Georgia Landgraf (Thesis)
Supervisor: C. Zaccagnino
Domestic Depictions: Women of the Home in 5th-Century Attic Vase Painting (QSpace)
Mortal women in the Ancient Greek world are generally understudied when compared to their male counterparts. This is partially due to a lack of information from antiquity and a lack of interest from modern scholars. Second wave feminism acted as a catalyst in the study of women in academia, however, larger scale studies of women on Attic vase painting were not seen widely in major scientific journals and books until the 1980s. This thesis attempts to fill in this gap in knowledge through the examination of women depicted in domestic space on 5th-century Attic vessels. This wide time span allows for the evaluation of the changing attitudes towards women as related to historical events within Athens over the century. Through the study of a selection of vessels from the Beazley Archive Pottery Database (BAPD), scenes of mortal women were divided into seven major types: marriage preparations, childcare, household labour, women at leisure, music, a warrior’s departure, and funerary practices. The scenes on these vases are also compared to grave stele of the fifth century due to their similar iconography. Representations of women on the 5th-century vases do not necessarily show the daily lives of the average Athenian housewife, but rather express the important socio-political role women played for both the oikos and the polis serving as a symbolic motif of Athenian prosperity. The iconography of vessels such as these allows for modern viewers to understand the ancient societal expectations placed upon Athenian women throughout the turbulent political context of the fifth century.
Laurence Bouchard (Major Research Paper)
Supervisor: B. Reeves
Reassessing the Presence of Women at Humayma in a Regional Context Across the Nabataean and Roman Cultures (QSpace)

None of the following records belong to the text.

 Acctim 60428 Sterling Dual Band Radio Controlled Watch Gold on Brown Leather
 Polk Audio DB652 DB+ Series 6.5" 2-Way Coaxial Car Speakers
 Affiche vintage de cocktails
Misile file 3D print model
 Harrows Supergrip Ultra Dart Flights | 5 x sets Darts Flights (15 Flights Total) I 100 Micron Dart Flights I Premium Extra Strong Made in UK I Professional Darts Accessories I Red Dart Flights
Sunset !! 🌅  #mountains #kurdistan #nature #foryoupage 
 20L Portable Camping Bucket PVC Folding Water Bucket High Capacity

First recognized by scholars as an important area of study in the 1970s, research on the female presence and experience in antiquity has grown to become a major area of scholarship in classical studies and archaeology. However, notwithstanding this important rise in popularity, delving into questions of gender and inquiries pertaining to the life of ancient women remains to this day a laborious enterprise due to the androcentric nature of the field. Academics have indeed long slighted the subject of antique females altogether, limiting their mention of a feminine presence to heavily stereotyped mythological or literary characters and to a few, often controversial, historical figures. Moreover, as the surviving written accounts mostly recall the point of view of the Greek and Roman elite, the study of gender and women’s presence in antiquity also remained for the longest time confined to the Greek and Roman states, thus leaving aside any other ancient civilization. Over the last two decades, this prejudiced literary-based view started to be challenged by members of the scholarly community who turned to the analysis of material culture to fill in those historical and regional lacunae.

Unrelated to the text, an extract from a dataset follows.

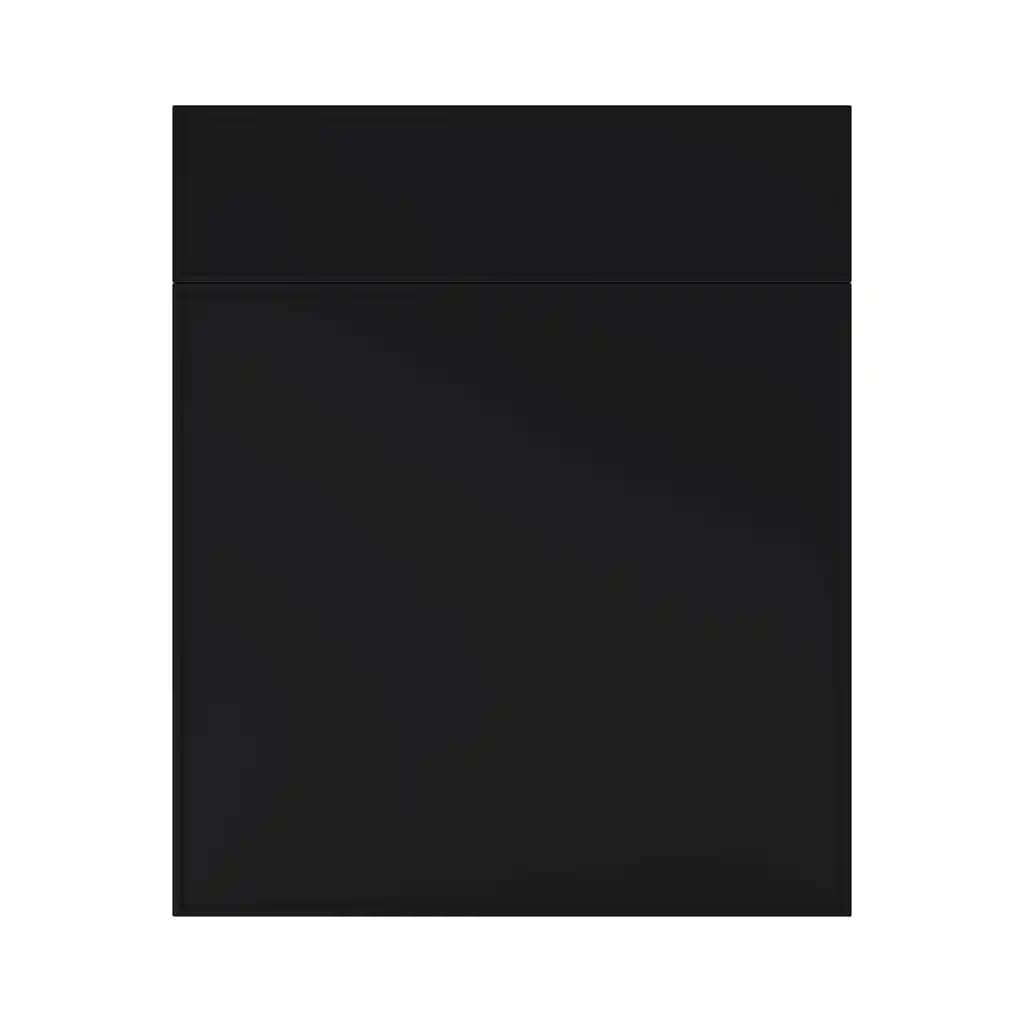 Façade de cuisine 1 porte et 1 tiroir Pasilla noir mat l. 60 cm x H. 72 cm GoodHome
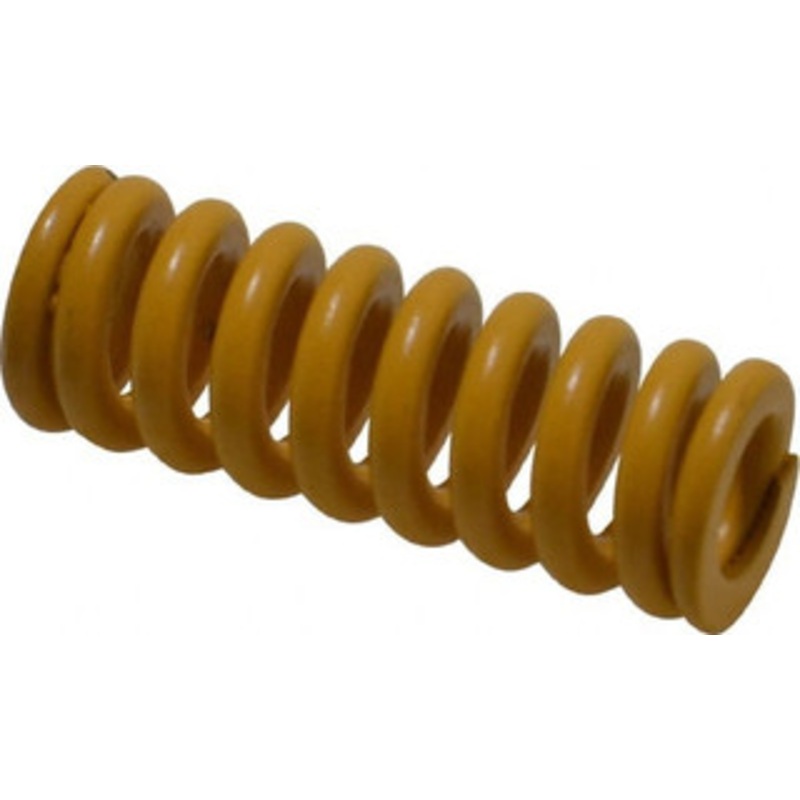 Associated Spring Raymond 16mm Hole Diam, 8mm Rod Diam, 1-3/4 Free Length, Yellow Die Spring 669.9 N Max Deflection, 11mm Max Deflection, Extra Strong, Chromium Alloy Steel 206-307 – 67901629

In an attempt to further this line of inquiry, this research paper will address how the presence of ancient women can be substantiated by the material evidence uncovered in archaeological contexts using examples from the site of Humayma, an antique desert settlement in southern Jordan that witnessed and thrived through a large spectrum of occupation. Focusing on the material record associated with the Nabataean and Roman cultures uncovered at the site while also taking into account relevant finds from other similar contexts, this research paper will offer an overview of the ways in which inscriptional, skeletal and artefactual evidence can attest to the presence of ancient females in an antique Near Eastern settlement. More specifically, several types of written documents, inscriptions, epitaphs, graffiti, skeletal remains, grave goods, as well as different categories of artefacts associated with a feminine presence will be discussed in order to offer a more holistic approach to the analysis of women’s presence at the site of Humayma, thereby shining a light on the female experience in the ancient Near East.
Annabeth Deakin (Major Research Paper)
Supervisor: F. Colivicchi
Shedding Light on Caere’s Ceramic Oil Lamps: Typological Analysis and Discussion (QSpace)
Throughout Queen’s University’s 2013-2015 excavations at the Etruscan and Roman city of Caere, numerous Roman ceramic oil lamps were found in the Vigna Marini-Vitalini, the modern name for one area located within the city’s urban centre. This project aims to input these lamps into their respective typological classifications in order to relate them to the overall chronology of the site, specifically in correlation with their contexts, and with a focus on the Roman period of occupation.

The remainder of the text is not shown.